Data Sources and Methods
We developed a NLP model to automatically score an item, Impacts, where students explain whether all people are impacted by climate change in the same way. The item is featured in two units: Global Climate Change and Urban Heat Islands (UHI)) and Chemical Reactions and Asthma (Asthma). In both units, students connect their science understanding to the role of race, socioeconomic status, and local policies. We designed a KI rubric (scale 1-5) (Liu et al., 2016) and two subscore rubrics (scale 1-3) for disciplinary and justice-focused ideas. The KI rubric measures the integration across the two subscores. We created training data by applying the rubrics to 2000+ responses from previous classroom studies. We embedded the Impacts item with scoring models in the units and as a pre/post-test item. We displayed the scores for the teachers (Figure 2).
----------------------------------------------Figure 2---------------------------------------------------------
Findings
We trained models (see Riordan, et al., 2020) using data from each unit and combined data from both units. We tested the models on data from each unit.
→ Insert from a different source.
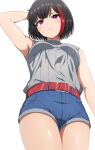  1girl arm_behind_head arm_up bang_dream! belt black_hair blue_shorts breasts closed_mouth commentary from_below grey_sweater highres looking_at_viewer looking_down mitake_ran multicolored_hair noshimurin purple_eyes red_belt red_hair short_hair short_shorts shorts simple_background sleeveless sleeveless_turtleneck small_breasts solo standing streaked_hair sweater turtleneck two-tone_hair white_background 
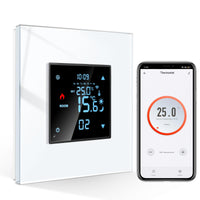 1 x RAW Customer Returns CNBINGO Smart Thermostat Flush-Mounted with Crystal Glass Panel WLAN Digital Room Thermostat Compatible with Alexa Echo, Google Assistant, 16Amp, White - RRP €39.08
The combined model performed best for all scores in both unit contexts (Table 7).
----------------------------------------------Table 7---------------------------------------------------------
Teachers attended to differences in disciplinary and justice scores during instruction. One noted that the students started with vague ideas about the SJSI but shared more detailed ideas orally. Another reflected that the progress on the science topic was greater than the progress on the SJSI. The teachers used the score reports to reflect on improvements to the unit.
Students made significant gains in their KI scores from pretest to posttest on justice (mean difference=0.371 t(150)=6.91, p<0.001), disciplinary (mean difference=0.291 t(150)=5.13, p<0.001), and KI scores (mean difference=0.583 t(150)=8.26, p<0.001).
Significance
We successfully designed an NLP model for an assessment item measuring the integration between disciplinary and justice ideas that worked across unit contexts. The scores supported plans for unit revision. Teachers endorsed the plan to refine the unit and use the scores to guide students to revise their responses.